Each of these tools have purposes in the planning process and the information generated is interrelated and complementary. None of the tools, however, would be effective for variation analysis without using them for contract control. This requires coupling the techniques with an effective data collection and control process, such as that identified by the payment structures discussed in the FIDIC Red Book. Progress can be recorded and then used for assembly of progress payment requests. The information can further be used to benchmark performance against the baseline or as-planned schedule. When placed on a Gantt chart, a rapid visual inspection of the as-planned versus baseline activity durations can give an indication of whether individual activities have been completed on-time. The Gantt chart will also show a projected project completion date assuming retained logic and future activities progressing as planned. The network diagram permits recalculation of floats but does not provide a visual representation of the actual conditions versus the planned, baseline schedule.
Neither the Gantt chart nor the Network Diagram are effective at projecting schedule and cost variations for the project based on current performance. For these purposes, the Earned Value Approach particularly useful. The Earned Value Method is based on the cumulative cost distribution. This is shown in concept in Figure 4. The PV curve can be considered as the as-planned cumulative cost distribution. The quantities actually expended and the cost actually incurred may vary from the as-planned quantities and costs. Actual costs and earned value curves are generated based on these quantities and costs in order to quantify both the cost and schedule variances, when compared to the as-planned conditions. The cost and schedule variances can then be used to develop a projection for the overall project cost and time, assuming that actions continue to progress at the same cost and rate. This projection can be useful in determining remedial actions to get the project back on track.
The Use of Project Scheduling Tools for Variation Analysis
It has been shown that the contractor has the duty to substantiate claims and variations. In terms of costs, this challenge is straightforward. When coupled with time, however, justification and substantiation becomes increasingly complex and must be examined using project scheduling tools. Consider for instance, the situation where variations are due to owner initiated changes. In this case, the contractor can ascertain the additional cost, can determine any additional time required, and can develop an impact of the overall impact of the variation on the project completion date. This can be used as a basis for negotiating the variation with the Gantt chart, network diagram and cumulative cost distribution comparisons used to graphically convey information and substantiate the claim.

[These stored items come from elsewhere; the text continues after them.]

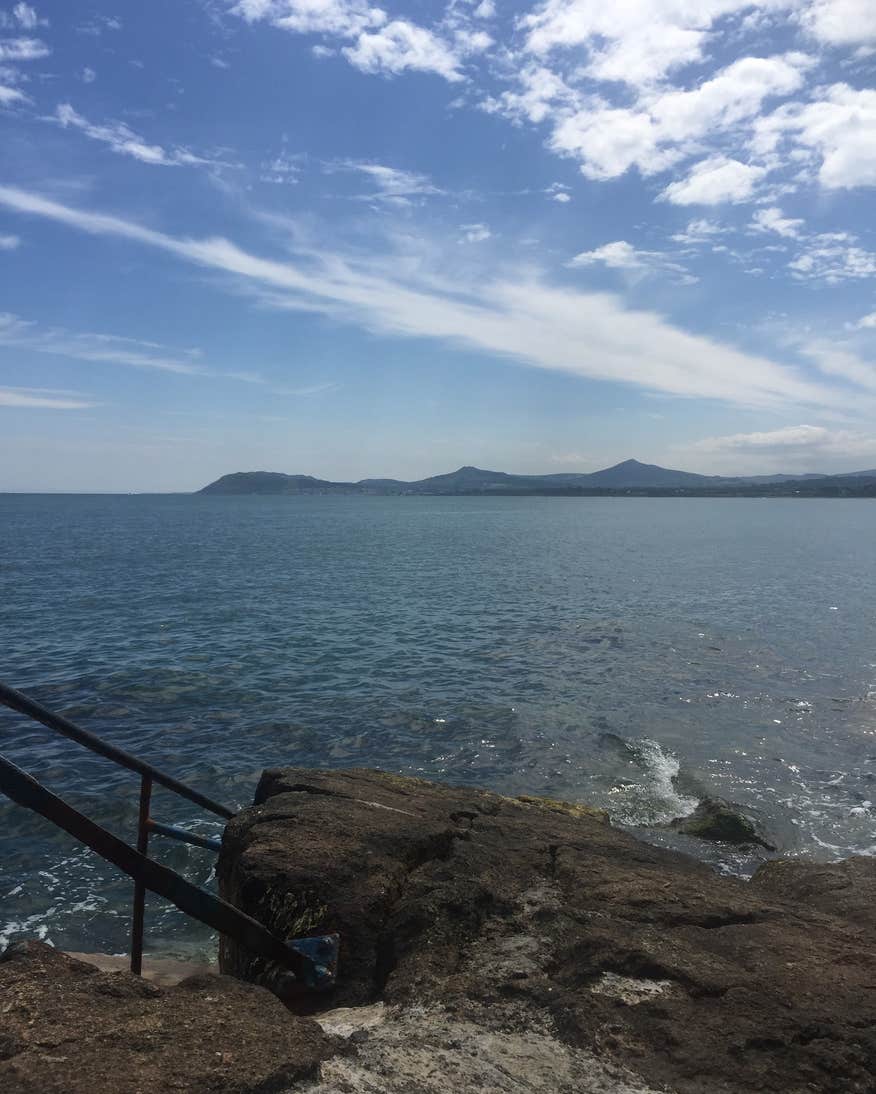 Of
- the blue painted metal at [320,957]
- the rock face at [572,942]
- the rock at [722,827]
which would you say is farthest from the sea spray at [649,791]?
the blue painted metal at [320,957]

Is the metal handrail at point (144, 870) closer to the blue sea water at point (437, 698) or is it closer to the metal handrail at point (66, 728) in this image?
the metal handrail at point (66, 728)

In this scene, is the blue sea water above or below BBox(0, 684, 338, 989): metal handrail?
below

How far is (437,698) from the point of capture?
23.8 meters

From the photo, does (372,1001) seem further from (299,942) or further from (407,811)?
(407,811)

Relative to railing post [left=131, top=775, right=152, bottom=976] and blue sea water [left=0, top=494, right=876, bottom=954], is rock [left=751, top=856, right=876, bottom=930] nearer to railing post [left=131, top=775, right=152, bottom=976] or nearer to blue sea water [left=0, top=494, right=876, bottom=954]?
blue sea water [left=0, top=494, right=876, bottom=954]

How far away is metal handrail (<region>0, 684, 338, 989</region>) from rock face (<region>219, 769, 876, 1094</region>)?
28 centimetres

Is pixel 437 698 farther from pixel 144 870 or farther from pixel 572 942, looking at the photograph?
pixel 144 870

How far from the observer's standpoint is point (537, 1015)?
231 inches

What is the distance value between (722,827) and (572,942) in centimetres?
948

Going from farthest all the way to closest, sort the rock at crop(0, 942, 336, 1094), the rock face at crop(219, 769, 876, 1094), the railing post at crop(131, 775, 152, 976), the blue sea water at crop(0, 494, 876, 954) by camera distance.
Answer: the blue sea water at crop(0, 494, 876, 954)
the railing post at crop(131, 775, 152, 976)
the rock face at crop(219, 769, 876, 1094)
the rock at crop(0, 942, 336, 1094)

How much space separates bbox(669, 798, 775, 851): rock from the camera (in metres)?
14.7

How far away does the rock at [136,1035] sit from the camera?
4531 mm

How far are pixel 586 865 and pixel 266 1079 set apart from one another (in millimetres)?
4979

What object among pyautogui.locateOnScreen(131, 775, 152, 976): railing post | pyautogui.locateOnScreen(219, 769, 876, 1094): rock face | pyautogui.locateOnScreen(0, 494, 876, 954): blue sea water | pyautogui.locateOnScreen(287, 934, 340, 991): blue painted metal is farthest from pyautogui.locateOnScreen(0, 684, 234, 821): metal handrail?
pyautogui.locateOnScreen(0, 494, 876, 954): blue sea water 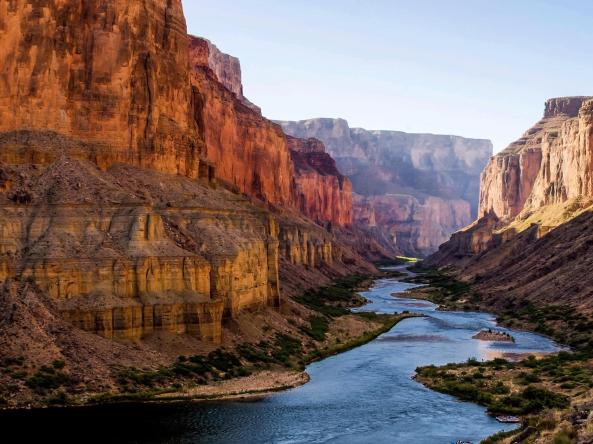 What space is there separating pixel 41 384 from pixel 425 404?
A: 23546mm

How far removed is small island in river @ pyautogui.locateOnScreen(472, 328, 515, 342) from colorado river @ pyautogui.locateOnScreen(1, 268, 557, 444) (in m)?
19.0

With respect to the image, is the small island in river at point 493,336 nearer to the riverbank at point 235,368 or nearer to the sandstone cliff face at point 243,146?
the riverbank at point 235,368

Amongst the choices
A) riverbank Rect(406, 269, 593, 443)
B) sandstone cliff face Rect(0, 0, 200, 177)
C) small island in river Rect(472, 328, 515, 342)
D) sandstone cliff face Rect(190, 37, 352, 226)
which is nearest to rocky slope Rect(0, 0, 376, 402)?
sandstone cliff face Rect(0, 0, 200, 177)

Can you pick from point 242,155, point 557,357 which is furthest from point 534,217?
point 557,357

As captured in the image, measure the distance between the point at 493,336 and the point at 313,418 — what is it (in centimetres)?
3910

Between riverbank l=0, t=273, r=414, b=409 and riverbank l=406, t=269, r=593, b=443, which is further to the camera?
riverbank l=0, t=273, r=414, b=409

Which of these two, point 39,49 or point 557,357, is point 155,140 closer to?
point 39,49

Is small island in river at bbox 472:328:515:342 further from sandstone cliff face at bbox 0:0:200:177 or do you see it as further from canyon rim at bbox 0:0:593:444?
sandstone cliff face at bbox 0:0:200:177

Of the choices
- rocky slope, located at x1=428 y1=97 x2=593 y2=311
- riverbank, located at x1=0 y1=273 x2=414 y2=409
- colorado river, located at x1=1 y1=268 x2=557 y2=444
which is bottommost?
colorado river, located at x1=1 y1=268 x2=557 y2=444

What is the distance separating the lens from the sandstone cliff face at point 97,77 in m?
65.0

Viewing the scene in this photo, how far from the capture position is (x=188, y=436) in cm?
4234

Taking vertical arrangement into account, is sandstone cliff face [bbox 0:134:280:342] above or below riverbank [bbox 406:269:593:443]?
above

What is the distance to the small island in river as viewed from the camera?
7988cm

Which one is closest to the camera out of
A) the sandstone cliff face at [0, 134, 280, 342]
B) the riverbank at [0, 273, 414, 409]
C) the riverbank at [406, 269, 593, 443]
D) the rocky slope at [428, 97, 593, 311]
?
the riverbank at [406, 269, 593, 443] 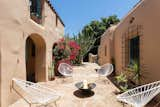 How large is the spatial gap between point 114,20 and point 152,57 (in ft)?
79.9

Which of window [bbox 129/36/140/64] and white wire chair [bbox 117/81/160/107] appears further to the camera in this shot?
window [bbox 129/36/140/64]

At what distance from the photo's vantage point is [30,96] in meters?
4.68

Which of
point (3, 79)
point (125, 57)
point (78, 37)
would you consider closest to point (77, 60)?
point (78, 37)

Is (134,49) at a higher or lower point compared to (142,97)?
higher

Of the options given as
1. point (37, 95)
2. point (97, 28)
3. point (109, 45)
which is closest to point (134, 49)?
point (37, 95)

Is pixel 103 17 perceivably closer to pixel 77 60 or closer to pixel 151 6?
pixel 77 60

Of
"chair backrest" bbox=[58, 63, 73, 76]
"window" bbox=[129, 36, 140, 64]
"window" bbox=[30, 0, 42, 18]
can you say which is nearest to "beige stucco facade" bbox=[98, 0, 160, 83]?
"window" bbox=[129, 36, 140, 64]

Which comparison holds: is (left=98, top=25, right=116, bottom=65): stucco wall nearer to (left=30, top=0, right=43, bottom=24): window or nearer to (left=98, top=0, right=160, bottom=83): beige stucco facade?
(left=98, top=0, right=160, bottom=83): beige stucco facade

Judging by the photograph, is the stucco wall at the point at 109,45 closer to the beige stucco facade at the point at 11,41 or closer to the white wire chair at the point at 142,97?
the beige stucco facade at the point at 11,41

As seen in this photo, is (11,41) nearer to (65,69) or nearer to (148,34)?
(148,34)

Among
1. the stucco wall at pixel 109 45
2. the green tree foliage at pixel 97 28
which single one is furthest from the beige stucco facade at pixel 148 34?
the green tree foliage at pixel 97 28

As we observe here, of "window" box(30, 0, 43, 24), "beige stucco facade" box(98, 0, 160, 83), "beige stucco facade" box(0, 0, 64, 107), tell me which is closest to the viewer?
"beige stucco facade" box(0, 0, 64, 107)

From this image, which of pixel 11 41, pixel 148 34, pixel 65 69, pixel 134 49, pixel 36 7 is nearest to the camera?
pixel 11 41

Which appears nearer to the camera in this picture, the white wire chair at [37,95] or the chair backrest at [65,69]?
the white wire chair at [37,95] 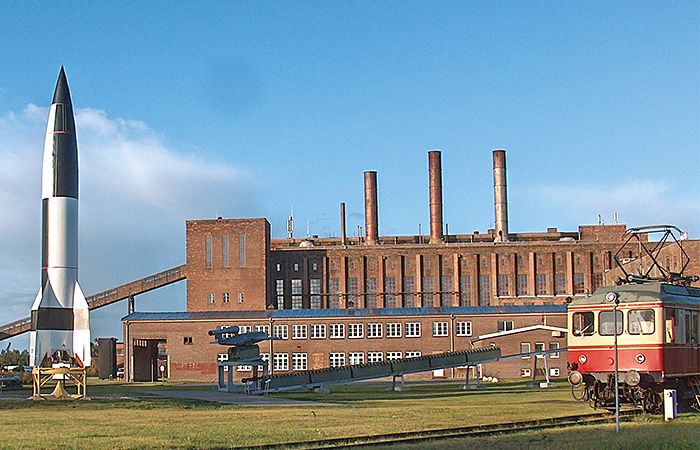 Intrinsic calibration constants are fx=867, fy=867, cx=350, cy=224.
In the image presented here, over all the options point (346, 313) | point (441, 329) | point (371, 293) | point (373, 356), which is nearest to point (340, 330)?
point (346, 313)

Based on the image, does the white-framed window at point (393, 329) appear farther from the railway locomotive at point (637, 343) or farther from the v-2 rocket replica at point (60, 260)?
the railway locomotive at point (637, 343)

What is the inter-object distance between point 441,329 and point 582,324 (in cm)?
3773

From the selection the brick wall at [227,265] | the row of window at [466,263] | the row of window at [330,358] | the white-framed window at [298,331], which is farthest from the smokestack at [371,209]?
the row of window at [330,358]

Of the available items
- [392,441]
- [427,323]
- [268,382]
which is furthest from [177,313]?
[392,441]

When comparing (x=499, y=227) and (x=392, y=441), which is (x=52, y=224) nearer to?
(x=392, y=441)

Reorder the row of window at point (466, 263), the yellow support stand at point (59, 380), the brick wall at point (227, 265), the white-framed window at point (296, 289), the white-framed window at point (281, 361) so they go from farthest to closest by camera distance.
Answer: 1. the white-framed window at point (296, 289)
2. the row of window at point (466, 263)
3. the brick wall at point (227, 265)
4. the white-framed window at point (281, 361)
5. the yellow support stand at point (59, 380)

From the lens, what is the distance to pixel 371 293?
8894 cm

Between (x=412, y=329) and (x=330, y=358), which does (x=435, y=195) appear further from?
(x=330, y=358)

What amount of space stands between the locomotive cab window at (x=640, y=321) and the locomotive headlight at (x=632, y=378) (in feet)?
3.90

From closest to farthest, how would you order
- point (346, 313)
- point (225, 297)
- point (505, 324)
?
point (505, 324)
point (346, 313)
point (225, 297)

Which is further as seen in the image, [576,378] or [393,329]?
[393,329]

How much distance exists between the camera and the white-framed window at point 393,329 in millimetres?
63219

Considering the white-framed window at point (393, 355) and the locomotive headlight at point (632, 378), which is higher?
the locomotive headlight at point (632, 378)

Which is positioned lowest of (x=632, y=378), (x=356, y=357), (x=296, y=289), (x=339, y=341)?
(x=356, y=357) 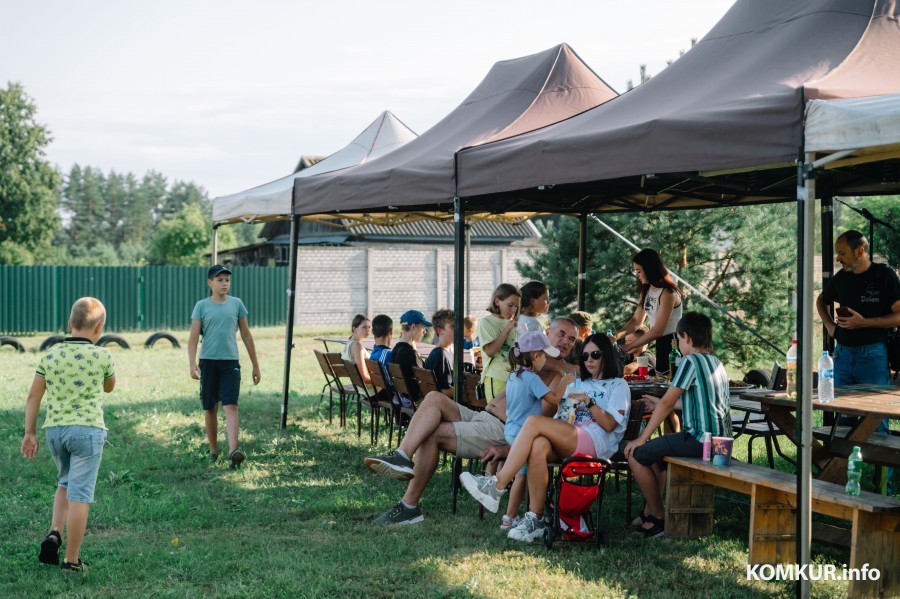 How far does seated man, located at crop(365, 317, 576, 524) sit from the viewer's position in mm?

There are situations, however, where it may be difficult to substantiate the impact of the variation. This occurs when the activities are non-critical and variations do not exhaust the float. In this case, additional costs are incurred but the critical path is unaffected; therefore, additional claims for time are unsubstantiated. The contractor may argue that the loss of float should be economically valued as the loss of opportunity, which is likely to be argued by the owner, which can lead to disputes. This question ties into the long-running debate of whom owns float, which continues to be actively debated among construction management professionals and legal representatives. This question remains contentious and there is no clear, non-situational answer on the validity of such variation claims. Should the contractor pursue such a claim, earned value analysis projections may enable quantification of the economic effect in terms of the overall project and would be encouraged for use as a basis of discussion.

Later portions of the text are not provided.